- Born: September 28, 1890 Newtown, Massachusetts, U.S.
- Died: November 22, 1981 (aged 91) Princeton, New Jersey, U.S.
- Education: Yale University Harvard University
- Occupations: Playwright; reporter;
- Spouse(s): Katharine Langdon Munroe ​ ​(m. 1915; div. 1938)​ Frances Palfrey Bangor
- Children: 3

= Frederic Lansing Day =

American dramatist (1890–1981)

Frederic Lansing Day (September 28, 1890 – November 22, 1981) was an American playwright.

==Early life==
Frederic Lansing Day was born on September 28, 1890, in Newtown, Massachusetts, to Henry Brown Day, founder of the Day Trust Company. He graduated from Yale University in 1912. He did post graduate work at Harvard University. He was a member of Alpha Delta Phi.

==Career==
From 1913 to 1914, Day was a reporter at the Boston Herald. He then served as an ensign in the United States Navy during World War I. He was a member of the U.S. Power Squadron. He also worked as an employee in his father's bank. Day was a Socialist and Unitarian.

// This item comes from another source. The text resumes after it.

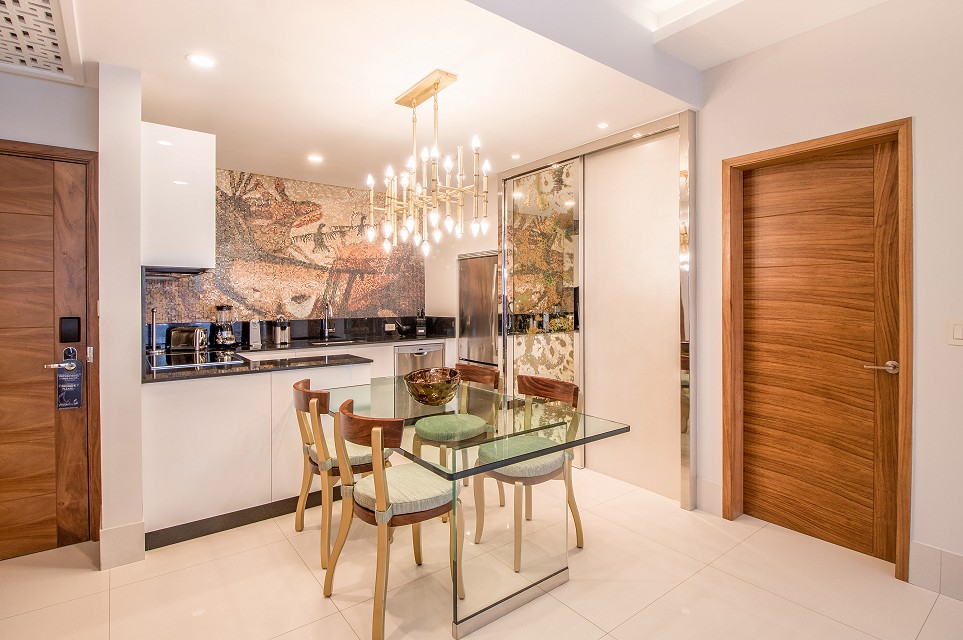 hacer muebles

Day wrote 17 plays, including an adaption of Edgar Allan Poe's The Fall of the House of Usher, Temple is a Town, Light Beyond the Shadows and Tattered Tom. He also published The Makers of Light: A Play in Three Parts (1925) originally produced by The 47 Workshop of Harvard and published by Brentano's, The Slump (1920), also produced by The 47 Workshop, Heaven is Deep.

===Makers of Light===
Makers of Light is a drama copyrighted by Day in 1920 and published in 1925. It was first shown at the Agassiz House Theater in Cambridge Nov. 25, 1921. The cast consisted of F.C. Packard, Jr., Angela Morris, Edith Coburn Noyes, Dorothy Sands, Oviatt McConnell, Henry Carlton, James Daly, F.L. Strong, Norman Clark, E.P. Goodnow and Robert Bushnell. It opened at the Neighborhood Playhouse of New York City, the Little Theater of Cleveland and the Play House of Cleveland.

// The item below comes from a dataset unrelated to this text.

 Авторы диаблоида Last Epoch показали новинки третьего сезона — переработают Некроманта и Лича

"Makers of Light, when originally produced by the 47 Workshop made so deep an impression that later it was played at the Neighborhood Playhouse, New York City. Here it was again praised for its sincerity, subtle characterization of the chief figures and its power. Given at the Little Theater, Clevland, in the winter of 1924, it was revived the following autumn." -Professor George P. Barker

The dedication to the Makers of Light reads, "To my father; For his affection in spite of disapproval, his loyalty in spite of disbelief."

==Personal life==
Day married Katharine Langdon Munroe, daughter of James Phinney Munroe, of Boston on January 9, 1915. They divorced in 1938. They had a home built in Cambridge, Massachusetts in 1920. He married Frances Palfrey Bangor. He had two sons and a daughter, Frederic II, Gordon and Elizabeth. He lived in Princeton, New Jersey, for 17 years.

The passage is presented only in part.